In Methods of information in medicine
OBJECTIVE : This study aimed to develop a semi-automated process to convert legacy data into clinical data interchange standards consortium (CDISC) study data tabulation model (SDTM) format by combining human verification and three methods: data normalization; feature extraction by distributed representation of dataset names, variable names, and variable labels; and supervised machine learning.
MATERIALS AND METHODS : Variable labels, dataset names, variable names, and values of legacy data were used as machine learning features. Because most of these data are string data, they had been converted to a distributed representation to make them usable as machine learning features.

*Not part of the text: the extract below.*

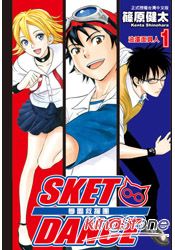 SKET DANCE學園救援團01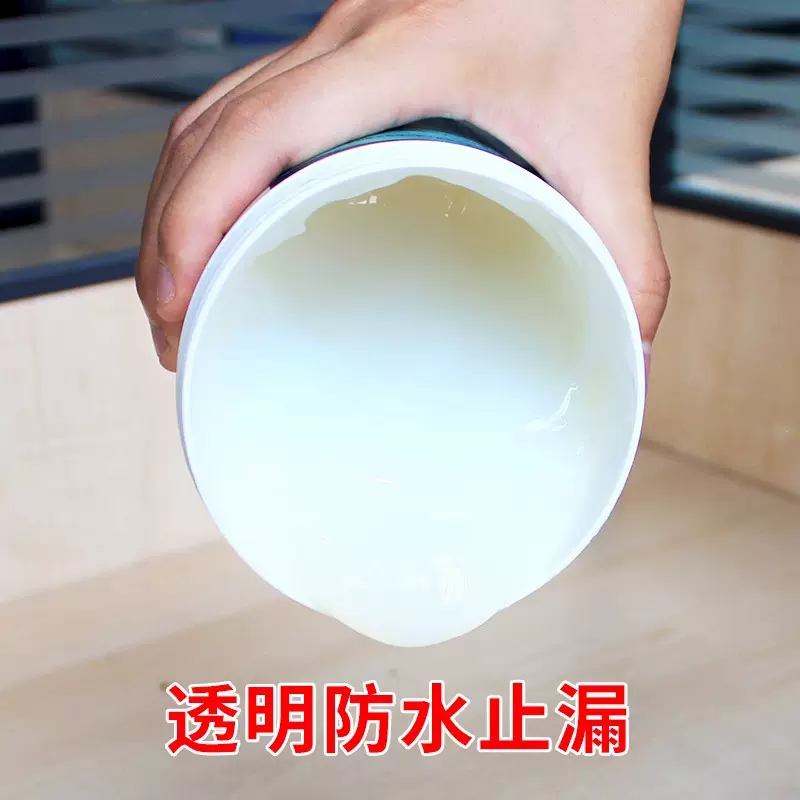 外墙瓷砖透明防水胶补漏剂卫生间免砸砖堵漏王堵裂缝材料防水涂料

For this purpose, we utilized the following methods for distributed representation: Gestalt pattern matching, cosine similarity after vectorization by Doc2vec, and vectorization by Doc2vec. In this study, we examined five algorithms-namely decision tree, random forest, gradient boosting, neural network, and an ensemble that combines the four algorithms-to identify the one that could generate the best prediction model.
RESULTS : The accuracy rate was highest for the neural network, and the distribution of prediction probabilities also showed a split between the correct and incorrect distributions. By combining human verification and the three methods, we were able to semi-automatically convert legacy data into the CDISC SDTM format.
CONCLUSION : By combining human verification and the three methods, we have successfully developed a semi-automated process to convert legacy data into the CDISC SDTM format; this process is more efficient than the conventional fully manual process.